◆ **TASK TO CARRY OUT**:
From the listing below, reproduce word for word the part that opens with the line containing "Hierba de San" and closes with the line containing "Гриценко напомнил коррупционно-олигархическую"; reproduce nothing else.

◆ **INFORMATION GIVEN**:
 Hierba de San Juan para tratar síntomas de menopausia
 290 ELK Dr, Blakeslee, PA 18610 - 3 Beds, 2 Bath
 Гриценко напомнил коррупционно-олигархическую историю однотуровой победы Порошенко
---
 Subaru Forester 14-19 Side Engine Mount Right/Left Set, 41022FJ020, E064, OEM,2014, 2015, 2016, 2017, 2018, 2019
==
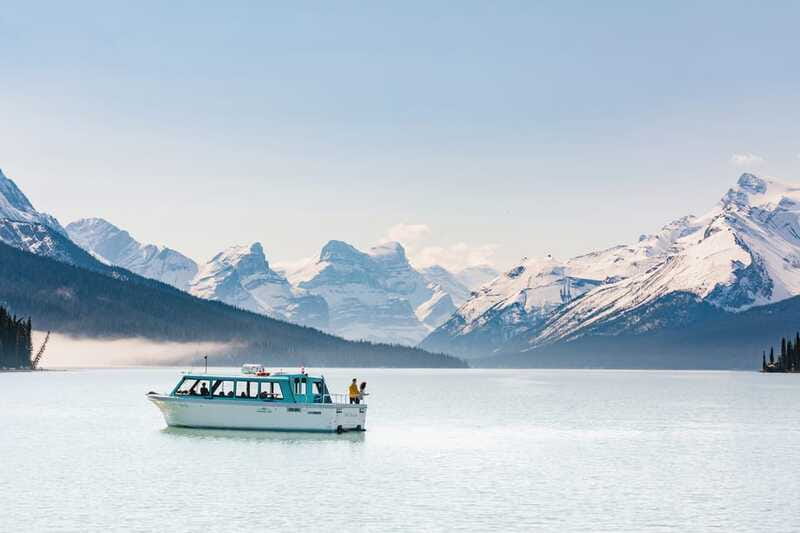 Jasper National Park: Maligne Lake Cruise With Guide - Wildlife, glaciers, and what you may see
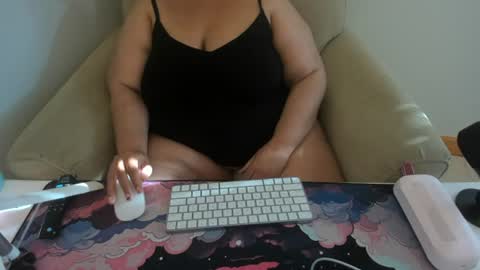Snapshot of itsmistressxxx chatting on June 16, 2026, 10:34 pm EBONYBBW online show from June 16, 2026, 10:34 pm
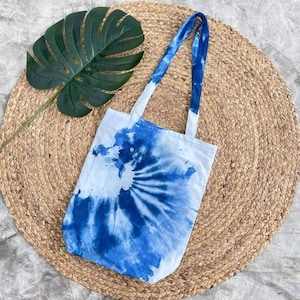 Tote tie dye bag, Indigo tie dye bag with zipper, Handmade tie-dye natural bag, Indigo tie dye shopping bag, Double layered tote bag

◆ **ANSWER FOR THIS EXERCISE**:
 Hierba de San Juan para tratar síntomas de menopausia
 290 ELK Dr, Blakeslee, PA 18610 - 3 Beds, 2 Bath
 Гриценко напомнил коррупционно-олигархическую историю однотуровой победы Порошенко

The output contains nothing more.